What to do ->
Once the line holding "Spód jasnooliwnej myszy" is found in the entries below, restate it and each line after it word for word, with no pictures.

......

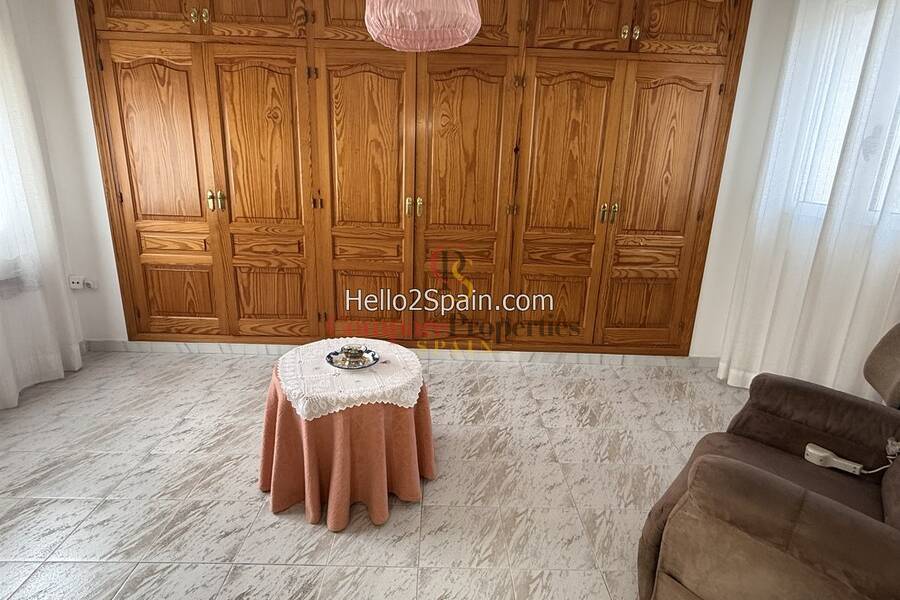 Sale - Villa - Dénia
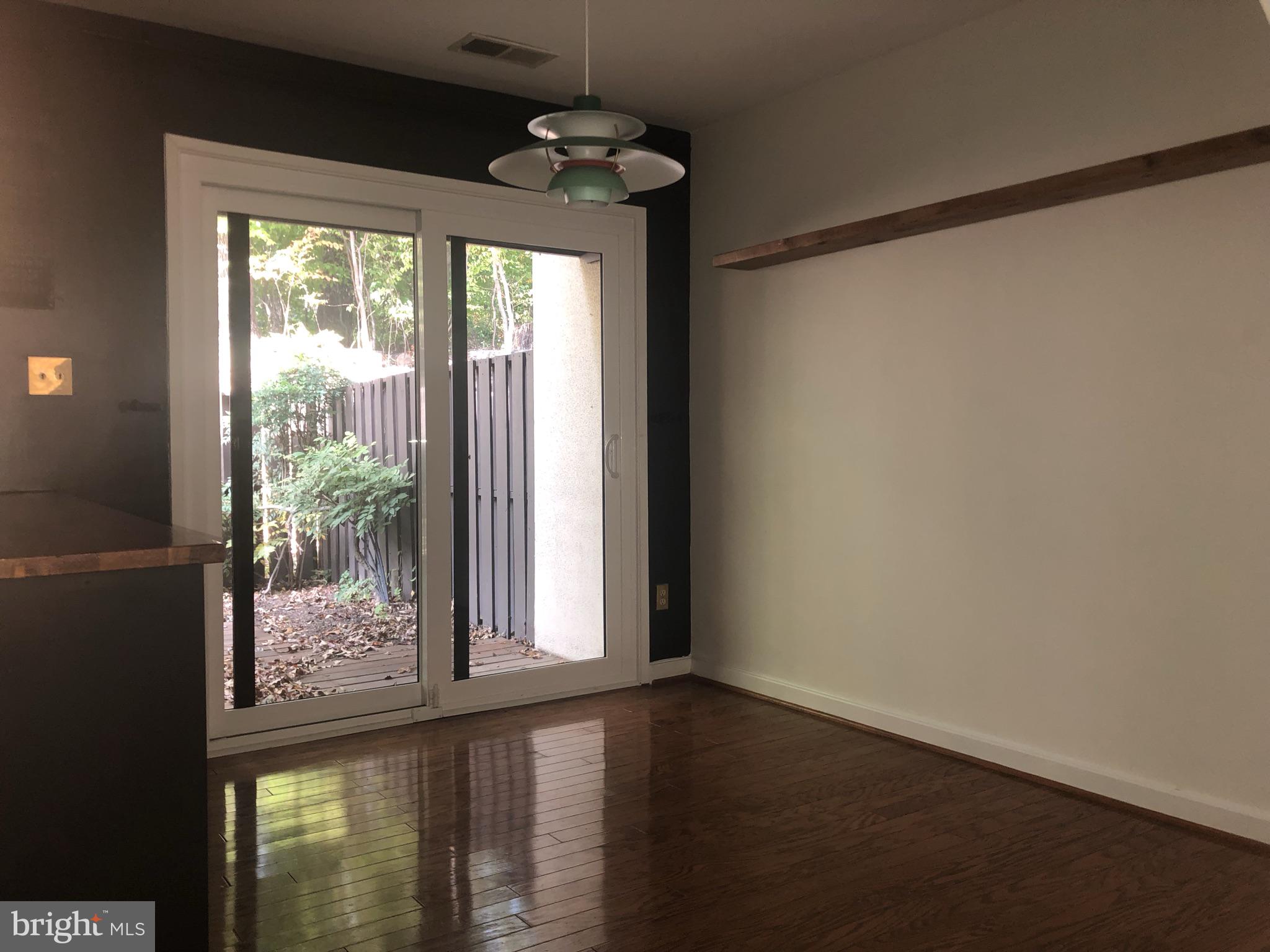 RESTON - Residential Lease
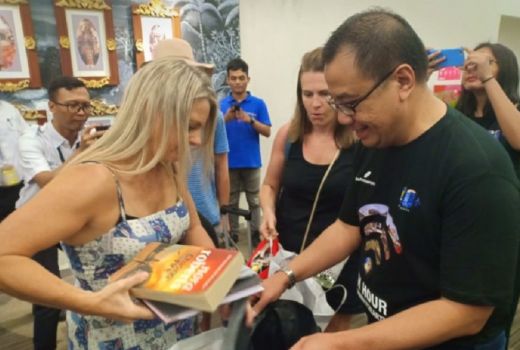 AP I Gelar Razia Plastik di Bandara Ngurah Rai - GenPI.co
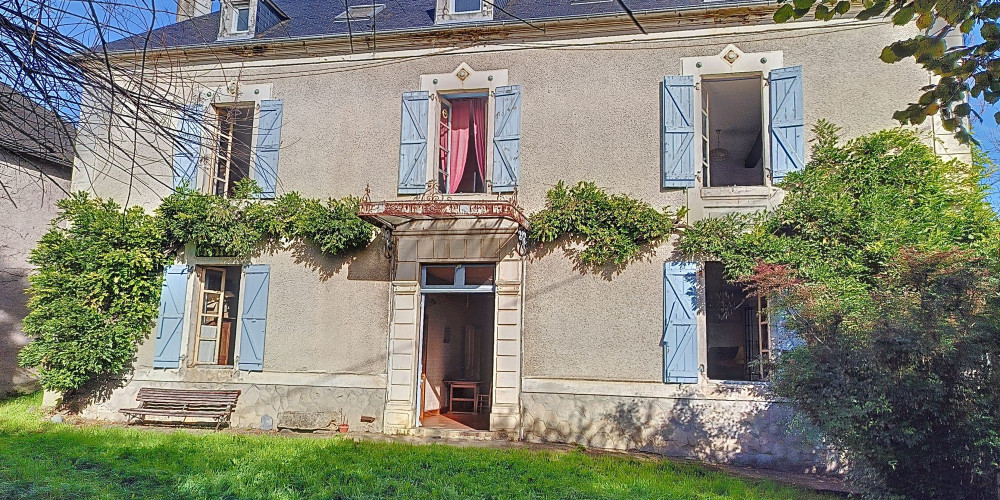 maison à NAY (64800)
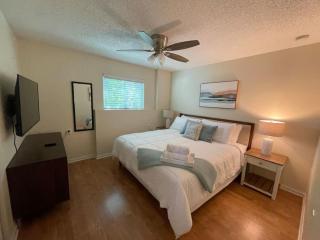 120 Creel Home away from Home for 22 at the Lake - 1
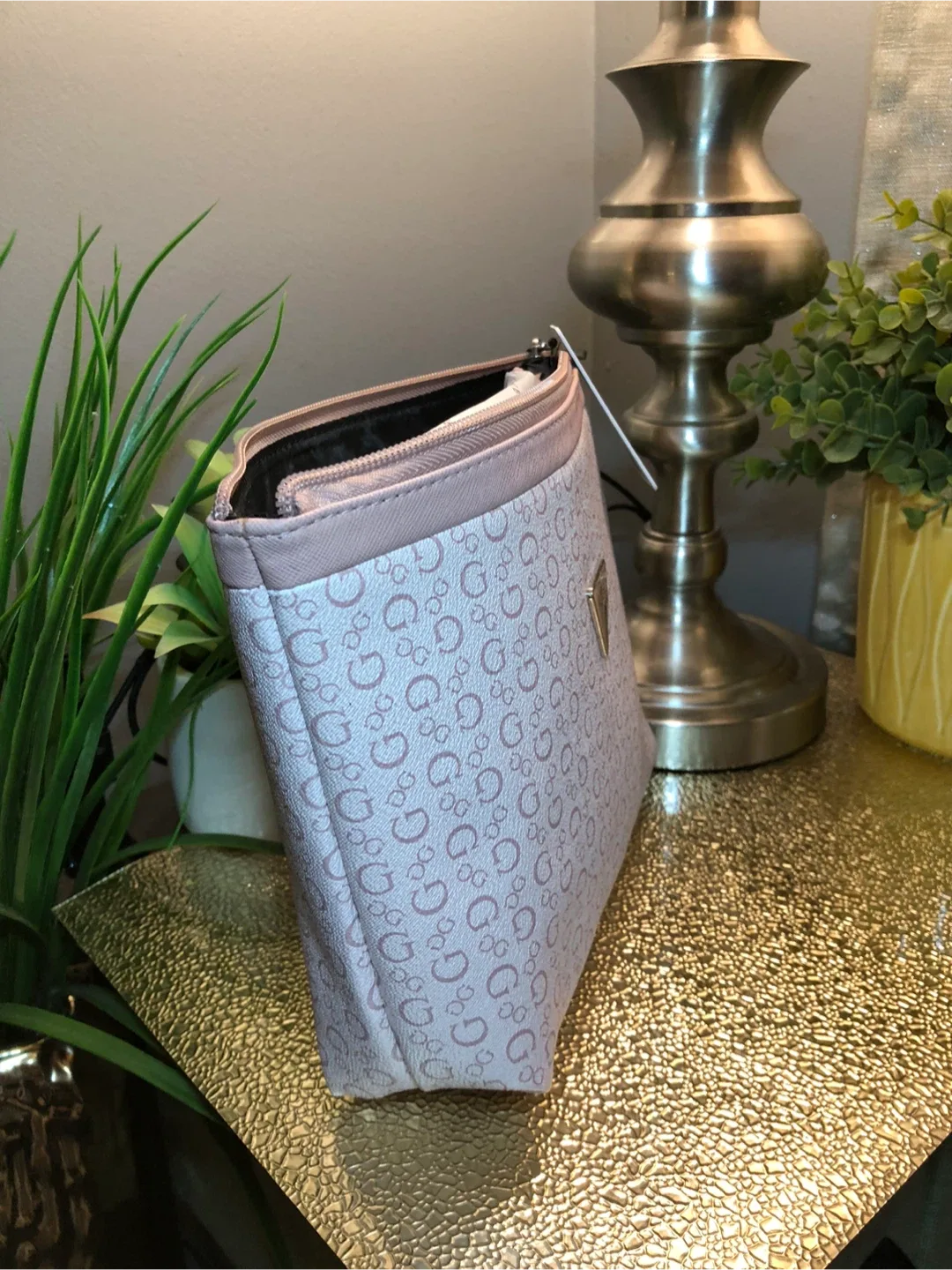 New GUESS Cosmetic Bag image indicator(4)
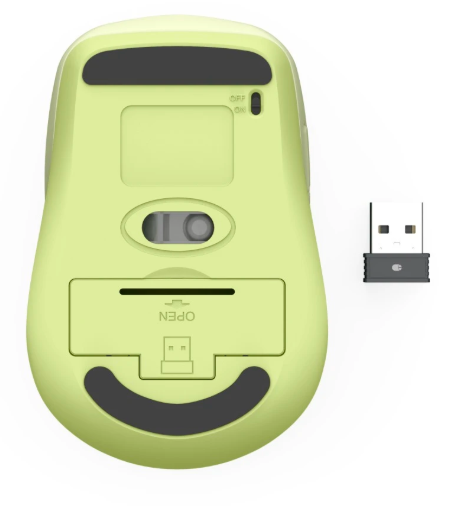 Spód jasnooliwnej myszy z pendrivem USB obok.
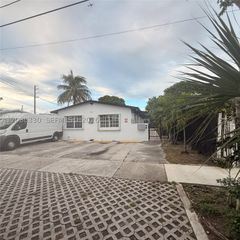 1273 NW 24th St, Miami, FL 33142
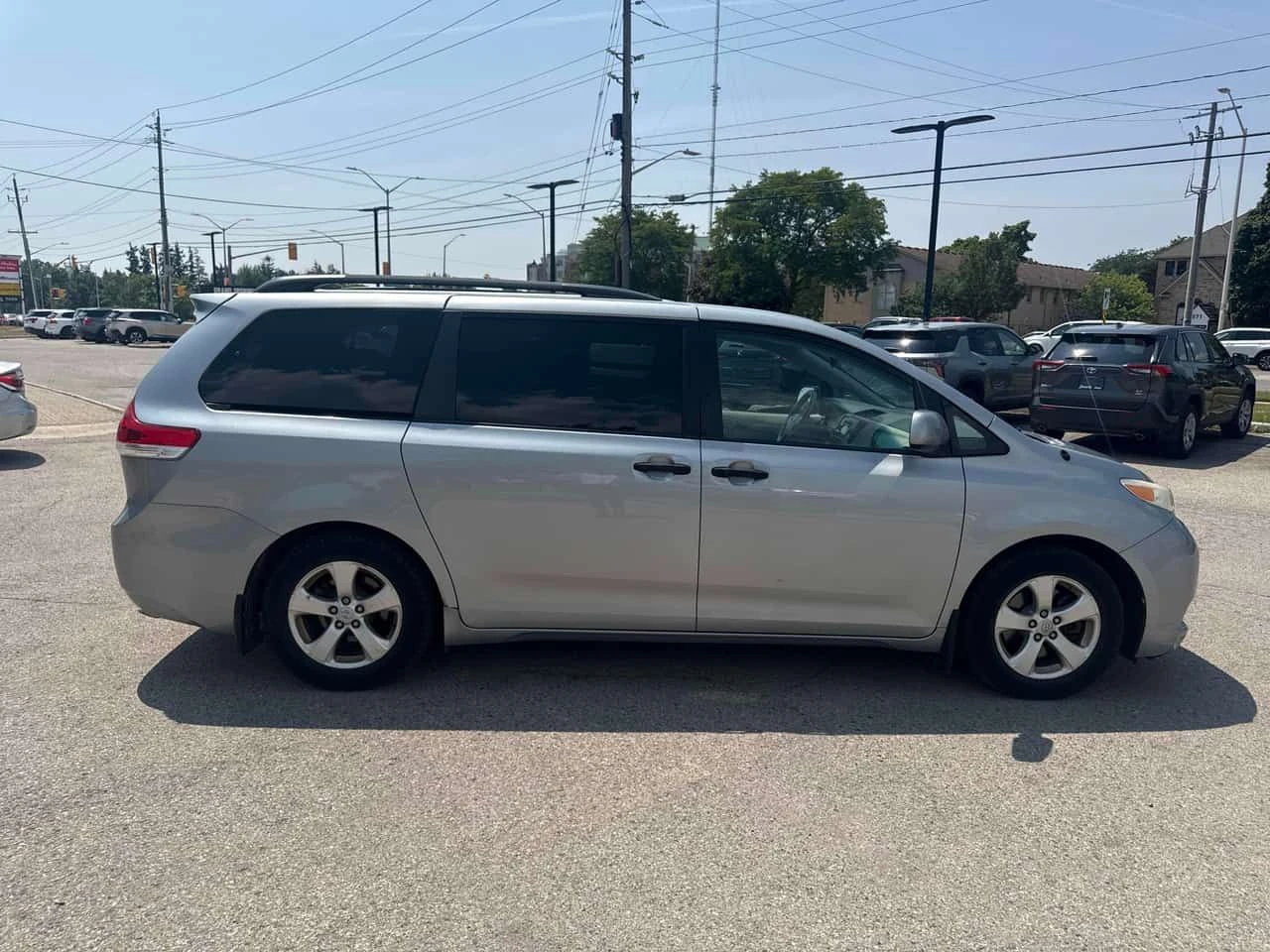 Toyota Sienna * 5dr 7 Pass FWD * АВТОКРЕДИТ* , снимка 3 - Автомобили и джипове - 55500644
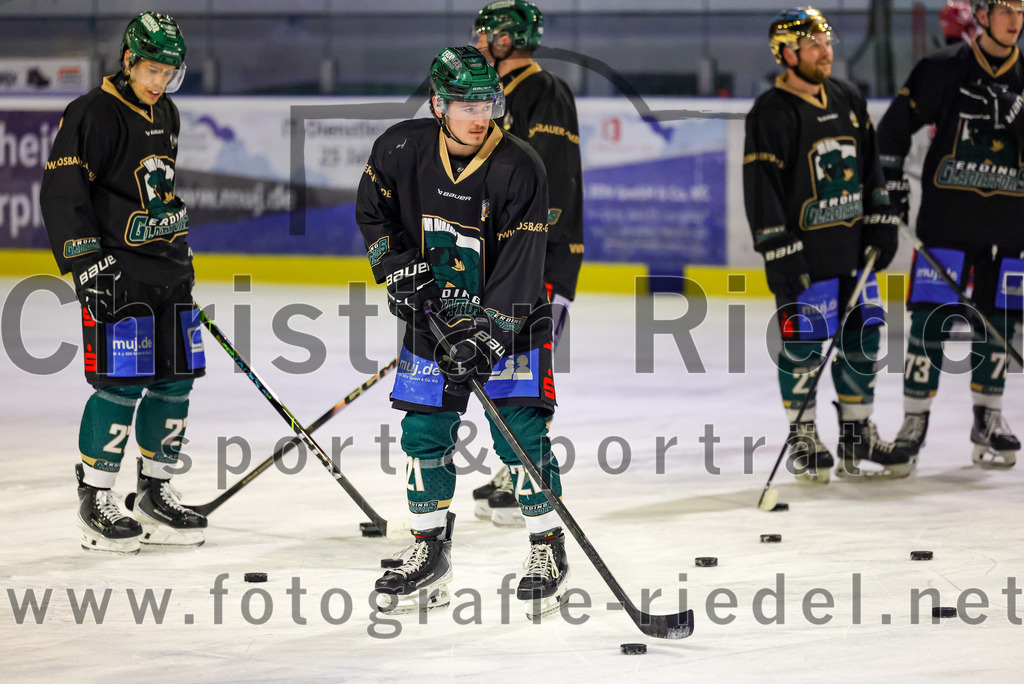 2026-02-20_024_TSV_Erding_gegen_Deggendorfer_SC | Erding, Deutschland, 20.02.2026:Eishockey, Oberliga Süd 2025 / 2026, 49. Spieltag, TSV Erding gegen Deggendorfer SC, Endergebnis: 4:1Mark Waldhausen (Erding Gladiators, #27), Erik Modlmayr (Erding Gladiators, #21)Foto: Christian Riedel / fotografie-riedel.net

......

Response to the task ->
 Spód jasnooliwnej myszy z pendrivem USB obok.
 1273 NW 24th St, Miami, FL 33142
 Toyota Sienna * 5dr 7 Pass FWD * АВТОКРЕДИТ* , снимка 3 - Автомобили и джипове - 55500644
 2026-02-20_024_TSV_Erding_gegen_Deggendorfer_SC | Erding, Deutschland, 20.02.2026:Eishockey, Oberliga Süd 2025 / 2026, 49. Spieltag, TSV Erding gegen Deggendorfer SC, Endergebnis: 4:1Mark Waldhausen (Erding Gladiators, #27), Erik Modlmayr (Erding Gladiators, #21)Foto: Christian Riedel / fotografie-riedel.net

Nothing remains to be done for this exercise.